KIRSTEN KOEHLER, Christopher Zuidema, Larissa Stebounova, Sinan Sousan, Alyson Gray, Oliver Stroh, Geb Thomas, Thomas Peters, Johns Hopkins Bloomberg School of Public Health

     Abstract Number: 574
     Working Group: Air Quality Sensors: Low-cost != Low Complexity

Abstract
Occupational exposure assessment is almost exclusively accomplished with personal sampling.
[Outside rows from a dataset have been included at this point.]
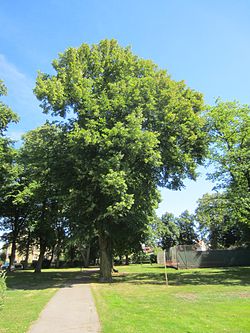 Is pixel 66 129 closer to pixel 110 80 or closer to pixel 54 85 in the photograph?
pixel 54 85

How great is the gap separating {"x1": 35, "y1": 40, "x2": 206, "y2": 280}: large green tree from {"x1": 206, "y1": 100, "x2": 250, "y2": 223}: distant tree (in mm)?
1718

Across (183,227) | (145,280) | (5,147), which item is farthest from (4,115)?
(183,227)

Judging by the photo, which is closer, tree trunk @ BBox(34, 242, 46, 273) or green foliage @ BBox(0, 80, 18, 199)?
green foliage @ BBox(0, 80, 18, 199)

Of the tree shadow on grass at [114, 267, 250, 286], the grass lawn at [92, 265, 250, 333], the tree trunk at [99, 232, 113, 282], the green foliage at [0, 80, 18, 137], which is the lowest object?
the grass lawn at [92, 265, 250, 333]

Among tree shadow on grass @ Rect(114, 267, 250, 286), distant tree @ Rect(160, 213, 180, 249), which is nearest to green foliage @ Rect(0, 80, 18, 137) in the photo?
tree shadow on grass @ Rect(114, 267, 250, 286)

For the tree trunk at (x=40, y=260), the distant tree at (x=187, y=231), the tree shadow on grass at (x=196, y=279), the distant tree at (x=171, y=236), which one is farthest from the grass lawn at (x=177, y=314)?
the distant tree at (x=187, y=231)

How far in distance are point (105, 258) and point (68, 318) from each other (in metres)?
14.1

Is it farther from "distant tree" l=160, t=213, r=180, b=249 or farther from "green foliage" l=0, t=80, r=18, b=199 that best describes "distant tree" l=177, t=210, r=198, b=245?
"green foliage" l=0, t=80, r=18, b=199

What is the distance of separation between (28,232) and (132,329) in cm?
4020

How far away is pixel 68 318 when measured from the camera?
872cm

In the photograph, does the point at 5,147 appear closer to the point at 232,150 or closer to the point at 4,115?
the point at 4,115

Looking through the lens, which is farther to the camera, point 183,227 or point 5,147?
point 183,227

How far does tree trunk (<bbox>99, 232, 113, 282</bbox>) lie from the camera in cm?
2183

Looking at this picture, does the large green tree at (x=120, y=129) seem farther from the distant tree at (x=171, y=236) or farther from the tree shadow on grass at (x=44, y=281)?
the distant tree at (x=171, y=236) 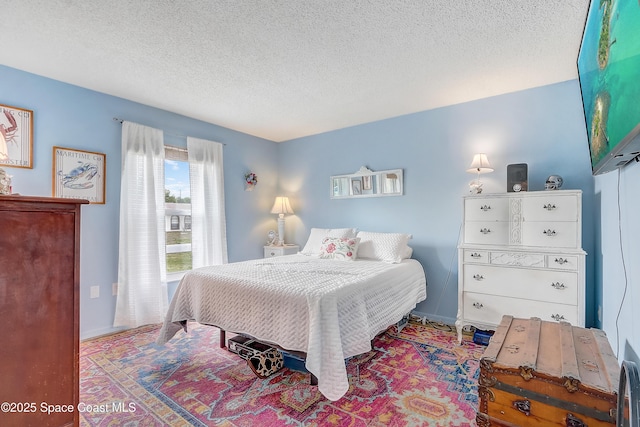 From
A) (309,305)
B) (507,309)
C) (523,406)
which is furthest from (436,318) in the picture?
(523,406)

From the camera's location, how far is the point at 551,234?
2438mm

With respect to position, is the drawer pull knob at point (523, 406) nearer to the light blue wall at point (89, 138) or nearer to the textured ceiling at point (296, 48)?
the textured ceiling at point (296, 48)

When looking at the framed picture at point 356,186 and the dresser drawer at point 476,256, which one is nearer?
the dresser drawer at point 476,256

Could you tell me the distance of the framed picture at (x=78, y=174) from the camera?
9.00 ft

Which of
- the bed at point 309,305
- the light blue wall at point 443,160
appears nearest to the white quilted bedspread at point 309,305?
the bed at point 309,305

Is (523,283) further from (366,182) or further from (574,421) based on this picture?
(366,182)

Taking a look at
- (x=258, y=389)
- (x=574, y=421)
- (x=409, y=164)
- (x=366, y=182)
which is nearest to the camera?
(x=574, y=421)

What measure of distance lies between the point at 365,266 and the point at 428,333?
97 centimetres

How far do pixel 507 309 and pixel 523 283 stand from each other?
260 millimetres

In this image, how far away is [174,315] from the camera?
2629 mm

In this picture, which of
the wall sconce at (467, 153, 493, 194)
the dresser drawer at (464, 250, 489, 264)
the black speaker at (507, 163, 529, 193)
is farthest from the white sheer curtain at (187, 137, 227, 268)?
the black speaker at (507, 163, 529, 193)

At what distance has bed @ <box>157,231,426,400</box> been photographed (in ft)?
5.94

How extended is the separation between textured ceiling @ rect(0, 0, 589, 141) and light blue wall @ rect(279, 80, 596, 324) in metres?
0.22

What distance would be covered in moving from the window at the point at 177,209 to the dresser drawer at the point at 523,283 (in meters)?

However, personal sampling can be burdensome and suffers from low sample sizes, resulting in inadequately characterized workplace exposures. Sensor networks offer the opportunity to measure occupational hazards with a high degree of spatiotemporal resolution. Here, we demonstrate an approach to estimate personal exposure using hazard data from a sensor network. We developed a multi-hazard monitor, constructed with low-cost sensors for particulate matter (PM), carbon monoxide (CO), oxidizing gases (OX) and noise (using a sensor developed in-house), and deployed a 40-node network in a heavy-vehicle manufacturing facility. During typical production periods, one-hr mean hazard levels ± standard deviation across all monitors for PM, CO, OX and noise were 0.62 ± 0.2 mg/m3, 7 ± 2 ppm, 155 ± 58 ppb, and 82 ± 1 dBA respectively. Next, we simulated stationary and mobile employees that work at the study site. Network-derived exposure estimates compared favorably to measurements taken with a suite of reference direct-reading instruments deployed to mimic personal sampling but varied by hazard and type of employee. The RMSE between network-derived exposure estimates and reference measurements for mobile employees was 0.15 mg/m3, 1 ppm, 27 ppb, and 3 dBA for PM, CO, O3and noise, respectively. Pearson correlation varied by hazard in the combined time periods of the mobile routines, it was highest for CO (r = 0.66) and lowest for noise (r = 0.39). Correlation between network-derived exposure estimates and reference measurements ranged from 0.39 (noise for mobile employees) to 0.75 (noise for stationary employees). Despite the error observed, the use of sensor networks to estimate personal exposures easily, frequently, and on many people holds promise as a way to complement sparce data obtained with traditional personal sampling.